Contaram uma mentira, como contam a todos nós, e ela acreditou: o certo é guardar em silêncio ao invés de tirar o peso do orgulho das costas, o certo é desconfiar de tudo, o certo e mais conveniente é viver com medo de mostrar quem realmente somos porque o julgamento do outro é uma dor que poderíamos não suportar.


Desde então, ela cresceu desta forma, isolada em um reino de gelo, condenada pela sua própria mente. E o pior, acostumou-se. A solidão não é tão ruim quando percebemos que estamos habituados a ela, quando aprendemos a alimentar e carrega-la como um bichinho de estimação. A pretensão de que é possível viver desacompanhado se torna tão grande quanto o vazio que mora no peito. Atrás da aparência distante, está o receio de tocar. Oculto entre algumas mágoas, está a necessidade de ser amado novamente. 

Infelizmente, a torre que a rainha construiu é alta demais para qualquer um alcançar. Infelizmente, os monstros que guardam sua porta e o frio que percorre todo castelo é mortal para aqueles que se arriscam a entrar.

1 de janeiro de 2014

Escudo

Viver conforme o que o coração sente parece uma boa ideia até você perceber que a caminhada não é uma ida ao parque, não é uma volta na praça. Viver conforme o que o coração sente é um autêntico passeio de montanha-russa, que sobe devagar e desce sem freio, sem permissão para pausas ou intervalos para recuperar o fôlego. Intensidade é eufemismo, tentar explicar é inútil e desabafar entre as linhas é um modesto escudo contra as emoções que de vez em quando ocupam nossa entrada.

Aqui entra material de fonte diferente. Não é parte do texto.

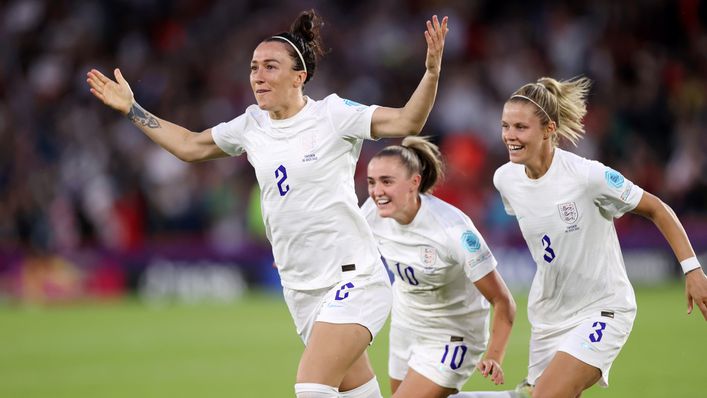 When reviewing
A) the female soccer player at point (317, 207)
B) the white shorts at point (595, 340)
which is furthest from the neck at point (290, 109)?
the white shorts at point (595, 340)

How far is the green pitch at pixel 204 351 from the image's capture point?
10742 millimetres

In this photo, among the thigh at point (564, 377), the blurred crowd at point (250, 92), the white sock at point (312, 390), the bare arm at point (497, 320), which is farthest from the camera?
the blurred crowd at point (250, 92)

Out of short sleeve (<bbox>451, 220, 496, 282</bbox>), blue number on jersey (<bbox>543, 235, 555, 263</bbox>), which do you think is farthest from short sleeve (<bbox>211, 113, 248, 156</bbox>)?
blue number on jersey (<bbox>543, 235, 555, 263</bbox>)

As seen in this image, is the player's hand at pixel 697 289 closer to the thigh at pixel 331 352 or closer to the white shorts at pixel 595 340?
the white shorts at pixel 595 340

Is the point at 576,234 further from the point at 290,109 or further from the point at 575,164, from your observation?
the point at 290,109

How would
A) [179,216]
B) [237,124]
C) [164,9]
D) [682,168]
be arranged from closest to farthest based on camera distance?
[237,124] < [682,168] < [179,216] < [164,9]

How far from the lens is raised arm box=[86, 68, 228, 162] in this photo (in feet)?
22.9

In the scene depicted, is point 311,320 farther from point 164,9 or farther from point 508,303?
point 164,9

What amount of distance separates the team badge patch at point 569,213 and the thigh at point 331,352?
1.45 m

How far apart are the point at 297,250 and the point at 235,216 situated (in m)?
12.7

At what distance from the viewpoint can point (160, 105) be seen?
2038cm

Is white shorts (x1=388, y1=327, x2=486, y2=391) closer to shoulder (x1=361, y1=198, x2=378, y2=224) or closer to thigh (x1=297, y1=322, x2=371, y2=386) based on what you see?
shoulder (x1=361, y1=198, x2=378, y2=224)

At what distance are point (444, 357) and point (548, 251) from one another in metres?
1.06

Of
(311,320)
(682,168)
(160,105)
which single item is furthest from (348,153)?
(160,105) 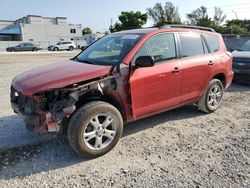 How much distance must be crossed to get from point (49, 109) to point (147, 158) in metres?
1.53

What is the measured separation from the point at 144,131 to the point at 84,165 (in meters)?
1.47

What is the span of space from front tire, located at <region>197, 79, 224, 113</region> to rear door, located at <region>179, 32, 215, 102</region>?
0.55 ft

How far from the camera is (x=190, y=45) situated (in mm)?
5219

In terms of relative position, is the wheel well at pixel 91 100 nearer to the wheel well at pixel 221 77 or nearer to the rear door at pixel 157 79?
the rear door at pixel 157 79

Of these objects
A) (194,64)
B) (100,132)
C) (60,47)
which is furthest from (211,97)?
(60,47)

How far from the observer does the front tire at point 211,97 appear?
18.3 ft

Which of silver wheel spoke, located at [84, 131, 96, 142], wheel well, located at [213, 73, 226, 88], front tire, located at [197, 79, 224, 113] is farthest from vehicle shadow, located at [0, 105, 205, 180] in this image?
wheel well, located at [213, 73, 226, 88]

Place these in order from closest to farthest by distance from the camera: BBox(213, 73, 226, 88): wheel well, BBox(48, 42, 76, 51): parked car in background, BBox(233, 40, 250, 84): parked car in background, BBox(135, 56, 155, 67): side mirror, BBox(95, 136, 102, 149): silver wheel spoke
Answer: BBox(95, 136, 102, 149): silver wheel spoke, BBox(135, 56, 155, 67): side mirror, BBox(213, 73, 226, 88): wheel well, BBox(233, 40, 250, 84): parked car in background, BBox(48, 42, 76, 51): parked car in background

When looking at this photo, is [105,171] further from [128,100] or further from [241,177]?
[241,177]

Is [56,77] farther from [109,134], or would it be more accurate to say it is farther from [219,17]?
[219,17]

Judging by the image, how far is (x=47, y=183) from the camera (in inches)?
131

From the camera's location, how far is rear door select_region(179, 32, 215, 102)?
16.5 feet

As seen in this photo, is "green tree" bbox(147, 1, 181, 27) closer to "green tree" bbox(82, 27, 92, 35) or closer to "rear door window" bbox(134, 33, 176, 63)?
"green tree" bbox(82, 27, 92, 35)

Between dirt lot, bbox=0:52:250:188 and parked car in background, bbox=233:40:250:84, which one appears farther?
parked car in background, bbox=233:40:250:84
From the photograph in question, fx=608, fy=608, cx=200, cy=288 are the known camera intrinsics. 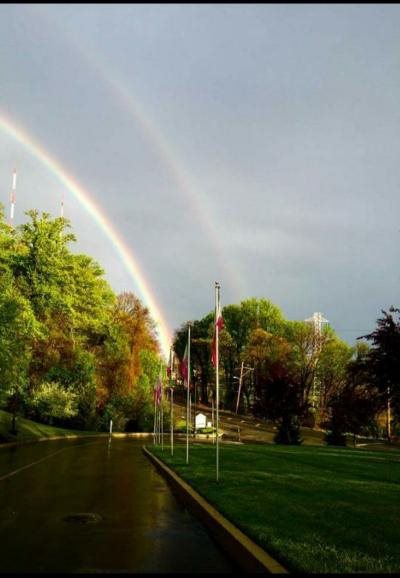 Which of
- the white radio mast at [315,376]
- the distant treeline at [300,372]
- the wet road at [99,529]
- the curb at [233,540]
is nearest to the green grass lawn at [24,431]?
the distant treeline at [300,372]

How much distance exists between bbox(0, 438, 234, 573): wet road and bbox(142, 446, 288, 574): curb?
0.19 meters

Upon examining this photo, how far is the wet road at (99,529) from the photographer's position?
7.41 meters

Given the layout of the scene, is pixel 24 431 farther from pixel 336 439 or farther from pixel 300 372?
pixel 300 372

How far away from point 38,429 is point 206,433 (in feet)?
76.7

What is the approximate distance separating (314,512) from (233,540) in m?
2.51

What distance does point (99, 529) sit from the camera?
9648mm

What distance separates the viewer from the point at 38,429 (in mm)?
48562

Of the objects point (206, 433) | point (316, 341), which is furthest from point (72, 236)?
point (316, 341)

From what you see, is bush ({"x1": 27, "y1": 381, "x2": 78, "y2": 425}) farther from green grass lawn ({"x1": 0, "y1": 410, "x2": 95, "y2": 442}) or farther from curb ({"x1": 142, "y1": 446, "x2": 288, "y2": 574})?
curb ({"x1": 142, "y1": 446, "x2": 288, "y2": 574})

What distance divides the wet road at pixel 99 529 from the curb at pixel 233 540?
190 millimetres

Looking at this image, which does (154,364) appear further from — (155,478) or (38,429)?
(155,478)

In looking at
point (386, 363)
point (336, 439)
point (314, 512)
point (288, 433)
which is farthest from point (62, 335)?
point (314, 512)

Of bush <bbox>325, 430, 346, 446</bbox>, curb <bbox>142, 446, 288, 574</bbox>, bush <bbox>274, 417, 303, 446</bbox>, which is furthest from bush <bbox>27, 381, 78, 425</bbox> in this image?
curb <bbox>142, 446, 288, 574</bbox>

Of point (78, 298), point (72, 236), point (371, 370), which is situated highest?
point (72, 236) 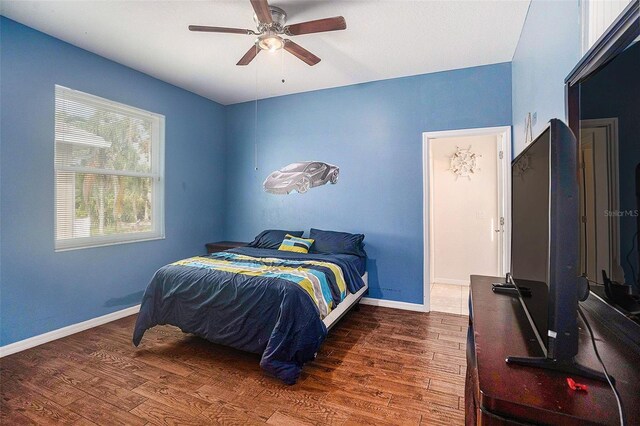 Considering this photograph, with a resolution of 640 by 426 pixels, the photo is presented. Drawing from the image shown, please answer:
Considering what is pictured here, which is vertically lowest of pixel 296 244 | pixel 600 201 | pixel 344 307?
pixel 344 307

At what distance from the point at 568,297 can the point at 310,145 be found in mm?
3686

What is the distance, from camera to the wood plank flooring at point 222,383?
178 cm

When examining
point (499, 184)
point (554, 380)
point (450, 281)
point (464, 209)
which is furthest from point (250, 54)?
point (450, 281)

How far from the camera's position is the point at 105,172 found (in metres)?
3.24

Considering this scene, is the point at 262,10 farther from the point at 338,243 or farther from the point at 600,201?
the point at 338,243

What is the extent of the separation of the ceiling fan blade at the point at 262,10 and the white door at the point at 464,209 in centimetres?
314

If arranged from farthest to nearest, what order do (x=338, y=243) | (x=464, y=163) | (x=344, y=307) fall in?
(x=464, y=163) → (x=338, y=243) → (x=344, y=307)

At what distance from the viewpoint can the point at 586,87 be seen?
106 cm

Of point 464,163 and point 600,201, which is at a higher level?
point 464,163

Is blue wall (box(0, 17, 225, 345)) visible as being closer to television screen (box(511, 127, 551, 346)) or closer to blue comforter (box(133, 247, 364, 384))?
blue comforter (box(133, 247, 364, 384))

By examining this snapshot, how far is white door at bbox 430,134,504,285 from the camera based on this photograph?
439cm

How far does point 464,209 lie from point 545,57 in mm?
3049

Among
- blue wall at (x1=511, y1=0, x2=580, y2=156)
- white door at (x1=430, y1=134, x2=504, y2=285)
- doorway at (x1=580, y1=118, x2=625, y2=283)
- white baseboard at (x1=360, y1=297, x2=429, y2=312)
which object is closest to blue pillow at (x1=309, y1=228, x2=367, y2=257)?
white baseboard at (x1=360, y1=297, x2=429, y2=312)

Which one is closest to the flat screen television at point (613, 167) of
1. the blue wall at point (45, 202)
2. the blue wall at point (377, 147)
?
the blue wall at point (377, 147)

Não sei quanto a vocês mas, para mim, insegurança é o tipo de sentimento que não se pode evitar. Mesmo que a gente feche a porta, ela provavelmente vai entrar pela janela, ou então achar qualquer fresta entre uma dobradiça ou outra para se acomodar sobre o nosso aposento. Não sei quanto ao resto do mundo mas, para mim, insegurança é o tipo de sentimento que acompanha o receio de um futuro que nunca se vê, nem se controla. Um futuro que é impossível segurar com as mãos, nem racionalizar para que faça sentido, para que seja conforme a gente sempre sonhou que fosse. Insegurança é o tipo de sentimento corriqueiro que inspira um texto que ninguém quer escrever, um frio constante na barriga, um tremor na ponta dos dedos, no peito que respira devagar e pede paciência no meio de um mar agitado chamado medo. Medo de uma criança que não cresceu, de um adulto de auto-imagem deformada, de qualquer ser humano que pulou algumas lições da cartilha chamada Vida e esqueceu do capítulo que diz: o amanhã jamais é governado. Insegurança é o tipo de sentimento que vem quando um pedido é recusado, e inevitavelmente surge a vontade de dar dez passos pra trás porque a impressão é que tudo que a gente construiu cuidadosamente pode desmoronar no instante seguinte.


E pra quem acredita que escrever ajuda ou traz alguma cura, engana-se. As palavras servem no máximo como anestésico, a morfina do escritor, a sua maneira de se mostrar ou, surpreendentemente, esconder-se. Na literatura, o coração é invisível, revela apenas o que quer, finge sentir e finge tão bem que a farsa se confunde com a sua própria realidade. Na literatura, a alma vive, voa livre e mergulha em águas escuras onde a pressão é alta e o desfalecer frequente.